Heartstrings- I had this title, and a fragment of a chorus, for a long time- the idea of getting strangled, metaphorically, of course, by these, whoever came up with the idea of, heartstrings. Is this an instrument? Do you strum it? I had nothing to flesh it out with, until I met this most unusual and fragile of chaps while working at a call center as an undergrad. Cool chap though- purple hair, and burned me c.d.s of Hybrid Theory, 3 Doors Down, and a Kiss concert from their 1980 Australia Stadium Tour. I think he had banged two separate redheads working at this place, but this incident involved some kooky, yet fascinating broad, who had nicknamed herself ‘Ruby.’ What a story she told me, over an evening in bed with her, where she only wanted to practice her massage skills on me (she was studying to be a masseuse), and I was happy to be her subject. Still one of my better evenings with a broad, even though no real, actual intimacy unfolded. A deviant kind of intimacy though- she claimed to have a G-spot on the back of her neck, which I of course called b.s. on, and had to test it. She was not kidding- and orgasmed about as hard as anything I’d ever seen- and actually smoked a cigarette afterwards.
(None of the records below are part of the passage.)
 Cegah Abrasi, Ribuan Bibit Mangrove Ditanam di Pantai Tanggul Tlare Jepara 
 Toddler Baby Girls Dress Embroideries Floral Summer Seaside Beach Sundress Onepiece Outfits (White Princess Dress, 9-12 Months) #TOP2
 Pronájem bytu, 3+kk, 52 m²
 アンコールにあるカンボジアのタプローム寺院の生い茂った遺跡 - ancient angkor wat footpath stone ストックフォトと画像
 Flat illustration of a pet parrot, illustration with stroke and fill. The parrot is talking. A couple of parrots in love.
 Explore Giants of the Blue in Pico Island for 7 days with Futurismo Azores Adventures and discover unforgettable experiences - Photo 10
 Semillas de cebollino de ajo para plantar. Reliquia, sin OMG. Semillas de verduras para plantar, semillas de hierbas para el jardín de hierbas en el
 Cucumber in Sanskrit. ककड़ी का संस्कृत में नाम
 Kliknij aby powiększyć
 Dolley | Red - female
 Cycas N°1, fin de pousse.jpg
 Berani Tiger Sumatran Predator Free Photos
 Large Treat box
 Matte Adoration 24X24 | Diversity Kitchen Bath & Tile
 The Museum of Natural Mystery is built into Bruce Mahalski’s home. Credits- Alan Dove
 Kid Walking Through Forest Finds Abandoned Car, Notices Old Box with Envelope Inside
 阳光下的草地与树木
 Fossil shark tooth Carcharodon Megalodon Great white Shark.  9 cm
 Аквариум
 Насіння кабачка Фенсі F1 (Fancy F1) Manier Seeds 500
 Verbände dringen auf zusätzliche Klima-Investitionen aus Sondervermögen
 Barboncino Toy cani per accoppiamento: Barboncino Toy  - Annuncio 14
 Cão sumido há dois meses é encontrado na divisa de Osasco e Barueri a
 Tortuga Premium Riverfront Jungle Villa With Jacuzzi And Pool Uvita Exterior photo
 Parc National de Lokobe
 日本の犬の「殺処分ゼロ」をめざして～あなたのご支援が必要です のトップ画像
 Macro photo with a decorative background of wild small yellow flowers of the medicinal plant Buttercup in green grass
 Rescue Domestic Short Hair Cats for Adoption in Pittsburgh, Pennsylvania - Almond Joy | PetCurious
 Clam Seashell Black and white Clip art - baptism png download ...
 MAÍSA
It seems that when people come to grips with traumatic incidents, finally, they are anxious to share them with anyone and everyone, and she went into the whole long story of her adolescent ordeal: was gang-raped in a hotel when she was 12, then became an addict, then an accidental mom, but her daughter was now her salvation, etc. If I was someone else, I would have narrated her tale via song, but that is not my deal.